§ **Problem details**:
Repeat the data below word for word.

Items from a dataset
━━━━━━━━

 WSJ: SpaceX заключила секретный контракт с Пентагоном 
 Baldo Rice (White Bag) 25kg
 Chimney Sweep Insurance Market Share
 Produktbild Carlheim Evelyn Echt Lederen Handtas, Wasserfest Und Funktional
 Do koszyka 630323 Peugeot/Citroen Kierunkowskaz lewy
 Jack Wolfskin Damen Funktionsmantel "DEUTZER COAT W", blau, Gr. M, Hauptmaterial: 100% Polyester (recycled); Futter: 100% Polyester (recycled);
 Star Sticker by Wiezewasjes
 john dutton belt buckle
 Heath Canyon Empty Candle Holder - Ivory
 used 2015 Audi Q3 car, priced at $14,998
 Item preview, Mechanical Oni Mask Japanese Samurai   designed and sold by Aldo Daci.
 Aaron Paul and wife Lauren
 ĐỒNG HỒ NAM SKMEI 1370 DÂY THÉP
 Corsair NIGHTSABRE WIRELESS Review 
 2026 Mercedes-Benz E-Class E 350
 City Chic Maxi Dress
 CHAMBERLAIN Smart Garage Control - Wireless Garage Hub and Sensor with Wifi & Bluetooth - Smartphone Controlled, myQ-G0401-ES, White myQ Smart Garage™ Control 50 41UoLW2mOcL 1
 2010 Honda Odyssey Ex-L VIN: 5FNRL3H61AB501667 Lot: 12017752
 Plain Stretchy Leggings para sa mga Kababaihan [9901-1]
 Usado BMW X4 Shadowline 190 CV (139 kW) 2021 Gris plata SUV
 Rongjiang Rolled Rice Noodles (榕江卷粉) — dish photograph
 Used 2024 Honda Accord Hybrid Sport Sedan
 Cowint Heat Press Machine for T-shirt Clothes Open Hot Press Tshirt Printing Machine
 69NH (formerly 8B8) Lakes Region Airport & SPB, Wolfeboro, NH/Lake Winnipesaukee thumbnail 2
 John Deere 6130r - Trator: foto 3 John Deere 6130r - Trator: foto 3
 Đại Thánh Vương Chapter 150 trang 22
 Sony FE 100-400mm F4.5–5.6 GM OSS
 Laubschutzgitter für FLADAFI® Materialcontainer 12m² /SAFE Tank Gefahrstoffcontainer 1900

━━━━━━━━

§ **Task output**:
 WSJ: SpaceX заключила секретный контракт с Пентагоном 
 Baldo Rice (White Bag) 25kg
 Chimney Sweep Insurance Market Share
 Produktbild Carlheim Evelyn Echt Lederen Handtas, Wasserfest Und Funktional
 Do koszyka 630323 Peugeot/Citroen Kierunkowskaz lewy
 Jack Wolfskin Damen Funktionsmantel "DEUTZER COAT W", blau, Gr. M, Hauptmaterial: 100% Polyester (recycled); Futter: 100% Polyester (recycled);
 Star Sticker by Wiezewasjes
 john dutton belt buckle
 Heath Canyon Empty Candle Holder - Ivory
 used 2015 Audi Q3 car, priced at $14,998
 Item preview, Mechanical Oni Mask Japanese Samurai   designed and sold by Aldo Daci.
 Aaron Paul and wife Lauren
 ĐỒNG HỒ NAM SKMEI 1370 DÂY THÉP
 Corsair NIGHTSABRE WIRELESS Review 
 2026 Mercedes-Benz E-Class E 350
 City Chic Maxi Dress
 CHAMBERLAIN Smart Garage Control - Wireless Garage Hub and Sensor with Wifi & Bluetooth - Smartphone Controlled, myQ-G0401-ES, White myQ Smart Garage™ Control 50 41UoLW2mOcL 1
 2010 Honda Odyssey Ex-L VIN: 5FNRL3H61AB501667 Lot: 12017752
 Plain Stretchy Leggings para sa mga Kababaihan [9901-1]
 Usado BMW X4 Shadowline 190 CV (139 kW) 2021 Gris plata SUV
 Rongjiang Rolled Rice Noodles (榕江卷粉) — dish photograph
 Used 2024 Honda Accord Hybrid Sport Sedan
 Cowint Heat Press Machine for T-shirt Clothes Open Hot Press Tshirt Printing Machine
 69NH (formerly 8B8) Lakes Region Airport & SPB, Wolfeboro, NH/Lake Winnipesaukee thumbnail 2
 John Deere 6130r - Trator: foto 3 John Deere 6130r - Trator: foto 3
 Đại Thánh Vương Chapter 150 trang 22
 Sony FE 100-400mm F4.5–5.6 GM OSS
 Laubschutzgitter für FLADAFI® Materialcontainer 12m² /SAFE Tank Gefahrstoffcontainer 1900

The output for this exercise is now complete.